Adik Indah, Nabila mengisahkan, sebelum lepas landas kakaknya sempat mengirim foto sayap pesawat Sriwijaya berikut sebuah pesan. “Doakan ya.”¬†Menurut Nabila, setelah menikah, Indah ikut suaminya, Muhammad Rizky Wahyudi, di Pontianak. “Namun sejak hamil besar, Indah pulang ke Desa Sungai Pinang Ogan Ilir, Sumsel hingga melahirkan, sampai anaknya usia tujuh bulan.”

“Baru seminggu lalu suami Indah, Muhammad Rizky datang ke Ogan Ilir menjemput isteri dan anaknya, untuk kembali ke Pontianak.
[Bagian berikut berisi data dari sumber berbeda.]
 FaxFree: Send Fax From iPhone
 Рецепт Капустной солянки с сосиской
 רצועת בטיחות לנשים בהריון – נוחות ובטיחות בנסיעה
Namun, takdir berkata lain musibah itu tiba,” kata Nabila dengan berlinang air mata.

Ricko, warga Makassar juga seharusnya naik pesawat NAM Air, namun dialihkan ke Sriwijaya Air. “Dia mau pergi ke Jakarta dan jika urusannya di sana selesai, terus ke Pontianak,” kata ibunya, Magdalena yang tak menyangka anaknya berada dalam penerbangan pesawat Sriwijaya Air itu.
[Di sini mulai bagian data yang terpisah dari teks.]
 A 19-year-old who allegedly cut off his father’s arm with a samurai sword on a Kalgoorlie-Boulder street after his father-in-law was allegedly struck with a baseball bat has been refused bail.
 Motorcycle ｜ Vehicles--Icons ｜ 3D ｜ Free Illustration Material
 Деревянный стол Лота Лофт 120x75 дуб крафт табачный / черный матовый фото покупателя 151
Magdalena terus menghubungi Ricko – pegawai PLN di Pontianak yang pergi ke Jakarta untuk urusan dinas – tapi tak juga nyambung. Kabar duka datang setelah dia melihat sejumlah pemberitaan di stasiun televisi dan menyebut anaknya ikut dalam pesawat yang jatuh itu.

Di balik tragedi nahas tersebut, muncul kisah Vera Gusman. Ia sempat akan menjadi salah satu penumpang Pesawat Sriwijaya Air SJ 182. Tes Swab membuat dia gagal berangkat hari itu. “Ya Allah, tadi pagi harusnya saya terbang dari Jakarta ke Pontianak antar kakak Febri pulang.”

Sampai di bandara ada peraturan baru per tanggal 9 Januari hasil Tes Swab hanya berlaku tiga hari. “Aku sedih tak bisa terbang karena hasil tesnya sudah gak berlaku. Jauh-jauh dari Bandung, naik bis, udah beli oleh-oleh tinggal masuk aja ke terminal, masa gak boleh pikirku.”

Tak menyerah, Vera masih berusaha keras untuk memperjuangkan keberangkatan hari itu, namun tetap ditolak. “Saya lari ke sana ke mari, menghadap untuk minta kebijakan Sriwijaya agar bisa terbang, tapi ditolak. Ada perasaan kecewa, kesal dan marah.”

Alhasil, Vera harus kembali ke Bandung debgan kecewa lantaran tak bisa berangkat ke Pontianak. Tstapi gagal terbang membawa berkah dan hikmah, karena kemudian gadis itu terhindar dari maut. Manusia berencana, Tuhan punya kuasa.